My babies didn’t live long enough for others to get to know them, but I knew them and loved every day we shared together: 23 weeks and 5 days. Ryan loved them, too, though he only held them once. The girls have come to know and love their brothers through asking an endless number of questions, most of which start with the words “What if….”
While we were in Norfolk last weekend, we stopped by the cemetery. The boys are buried together in the same row with their sister Lucy. The girls see nothing strange about cemeteries and understand the rules of a visit: Don’t step on markers and don’t move any of the graveside mementos that other parents have left.

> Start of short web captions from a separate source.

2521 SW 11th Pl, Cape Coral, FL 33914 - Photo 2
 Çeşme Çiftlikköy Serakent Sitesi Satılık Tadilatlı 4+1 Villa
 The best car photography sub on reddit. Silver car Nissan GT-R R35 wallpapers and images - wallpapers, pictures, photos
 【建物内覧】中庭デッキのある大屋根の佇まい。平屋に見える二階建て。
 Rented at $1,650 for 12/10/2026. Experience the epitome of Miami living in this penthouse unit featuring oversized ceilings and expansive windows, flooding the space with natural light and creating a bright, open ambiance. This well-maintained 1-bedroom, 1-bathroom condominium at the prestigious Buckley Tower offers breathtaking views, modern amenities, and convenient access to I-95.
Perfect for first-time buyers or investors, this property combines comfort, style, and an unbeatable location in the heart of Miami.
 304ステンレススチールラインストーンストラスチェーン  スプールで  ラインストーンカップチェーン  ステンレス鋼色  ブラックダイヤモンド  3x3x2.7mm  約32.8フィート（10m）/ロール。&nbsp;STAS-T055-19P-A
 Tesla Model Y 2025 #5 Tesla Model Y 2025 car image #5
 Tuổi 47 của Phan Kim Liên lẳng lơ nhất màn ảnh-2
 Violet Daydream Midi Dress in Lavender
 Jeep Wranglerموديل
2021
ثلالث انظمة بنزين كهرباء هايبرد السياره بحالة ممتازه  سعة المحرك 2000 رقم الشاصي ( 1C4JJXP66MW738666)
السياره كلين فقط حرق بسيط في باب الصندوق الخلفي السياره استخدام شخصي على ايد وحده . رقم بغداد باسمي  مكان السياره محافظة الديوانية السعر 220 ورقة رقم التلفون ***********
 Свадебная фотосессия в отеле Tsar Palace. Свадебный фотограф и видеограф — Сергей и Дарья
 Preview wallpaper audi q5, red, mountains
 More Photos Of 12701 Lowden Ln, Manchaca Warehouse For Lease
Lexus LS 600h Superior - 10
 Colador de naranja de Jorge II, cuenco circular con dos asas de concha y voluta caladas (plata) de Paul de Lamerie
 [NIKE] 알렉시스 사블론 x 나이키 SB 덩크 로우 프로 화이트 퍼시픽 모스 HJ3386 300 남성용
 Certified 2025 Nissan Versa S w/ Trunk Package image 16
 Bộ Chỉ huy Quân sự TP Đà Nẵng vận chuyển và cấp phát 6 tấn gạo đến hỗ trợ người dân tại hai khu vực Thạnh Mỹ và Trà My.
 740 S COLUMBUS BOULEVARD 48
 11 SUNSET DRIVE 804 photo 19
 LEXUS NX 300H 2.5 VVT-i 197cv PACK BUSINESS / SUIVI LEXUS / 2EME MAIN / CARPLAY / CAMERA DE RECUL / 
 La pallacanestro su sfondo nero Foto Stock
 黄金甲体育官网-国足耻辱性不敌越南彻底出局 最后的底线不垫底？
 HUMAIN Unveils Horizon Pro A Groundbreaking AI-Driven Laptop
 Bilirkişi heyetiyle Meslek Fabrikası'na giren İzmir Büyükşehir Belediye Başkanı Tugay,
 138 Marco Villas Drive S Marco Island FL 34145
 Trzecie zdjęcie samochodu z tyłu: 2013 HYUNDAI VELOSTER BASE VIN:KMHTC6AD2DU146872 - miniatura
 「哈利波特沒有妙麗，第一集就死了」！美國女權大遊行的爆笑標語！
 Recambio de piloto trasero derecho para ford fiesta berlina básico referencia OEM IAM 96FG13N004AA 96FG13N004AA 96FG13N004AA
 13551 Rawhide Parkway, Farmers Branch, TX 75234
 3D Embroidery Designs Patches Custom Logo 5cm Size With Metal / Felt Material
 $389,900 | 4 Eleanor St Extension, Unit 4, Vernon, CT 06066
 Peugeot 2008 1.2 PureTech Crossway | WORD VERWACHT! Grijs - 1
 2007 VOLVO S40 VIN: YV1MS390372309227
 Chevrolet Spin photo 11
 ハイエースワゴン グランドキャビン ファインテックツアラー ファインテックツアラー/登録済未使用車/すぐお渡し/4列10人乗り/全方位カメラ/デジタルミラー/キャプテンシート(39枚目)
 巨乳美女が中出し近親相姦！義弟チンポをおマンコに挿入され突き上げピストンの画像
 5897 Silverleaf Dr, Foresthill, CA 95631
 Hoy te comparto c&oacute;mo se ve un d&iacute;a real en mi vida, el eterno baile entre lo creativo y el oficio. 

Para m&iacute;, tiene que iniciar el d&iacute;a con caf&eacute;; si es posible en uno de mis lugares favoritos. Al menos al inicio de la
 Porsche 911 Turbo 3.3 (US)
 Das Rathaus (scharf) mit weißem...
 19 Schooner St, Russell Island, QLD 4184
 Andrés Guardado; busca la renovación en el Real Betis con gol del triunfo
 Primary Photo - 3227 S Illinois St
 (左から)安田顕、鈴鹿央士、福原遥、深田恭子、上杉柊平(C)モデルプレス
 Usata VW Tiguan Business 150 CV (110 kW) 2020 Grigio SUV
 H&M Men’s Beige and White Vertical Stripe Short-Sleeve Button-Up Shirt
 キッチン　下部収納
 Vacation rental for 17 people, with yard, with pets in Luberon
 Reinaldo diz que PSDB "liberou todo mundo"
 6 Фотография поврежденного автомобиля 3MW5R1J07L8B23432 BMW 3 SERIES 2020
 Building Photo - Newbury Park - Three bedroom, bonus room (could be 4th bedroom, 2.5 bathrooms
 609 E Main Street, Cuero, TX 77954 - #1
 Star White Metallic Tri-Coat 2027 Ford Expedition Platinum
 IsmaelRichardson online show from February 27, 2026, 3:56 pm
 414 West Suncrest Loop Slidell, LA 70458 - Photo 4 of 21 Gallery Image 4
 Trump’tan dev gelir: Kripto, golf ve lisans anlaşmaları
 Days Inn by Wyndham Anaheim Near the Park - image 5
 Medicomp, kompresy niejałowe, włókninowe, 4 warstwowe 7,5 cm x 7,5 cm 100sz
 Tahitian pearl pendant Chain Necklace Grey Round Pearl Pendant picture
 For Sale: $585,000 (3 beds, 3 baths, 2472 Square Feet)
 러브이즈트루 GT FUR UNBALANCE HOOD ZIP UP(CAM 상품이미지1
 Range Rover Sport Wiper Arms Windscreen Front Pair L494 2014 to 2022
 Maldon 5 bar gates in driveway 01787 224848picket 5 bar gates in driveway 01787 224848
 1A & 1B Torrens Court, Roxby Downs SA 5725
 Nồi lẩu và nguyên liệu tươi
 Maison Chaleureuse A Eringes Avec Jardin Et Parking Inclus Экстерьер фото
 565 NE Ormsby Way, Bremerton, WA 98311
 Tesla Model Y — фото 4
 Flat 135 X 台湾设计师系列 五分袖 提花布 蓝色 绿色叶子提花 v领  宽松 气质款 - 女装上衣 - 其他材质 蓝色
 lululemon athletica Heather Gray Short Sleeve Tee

My eyes stayed mostly dry today–most likely because of the scar tissue on my heart. Instead, my heart has been heavy for another friend whose brother is losing his battle with leukemia. I’ve been missing someone else, too. Today is the birthday of a man who was like a second father to me and a substitute grandfather to my girls. I know that today Uncle Bill celebrated his birthday with Seth and Owen.
While those who loved Bill and Seth and Owen are feeling a little more lonely today, we look forward to the time when we’ll see them again. Whether my eyes are clear or clouded over with tears, I celebrate that there will come a day when my tears will be no more.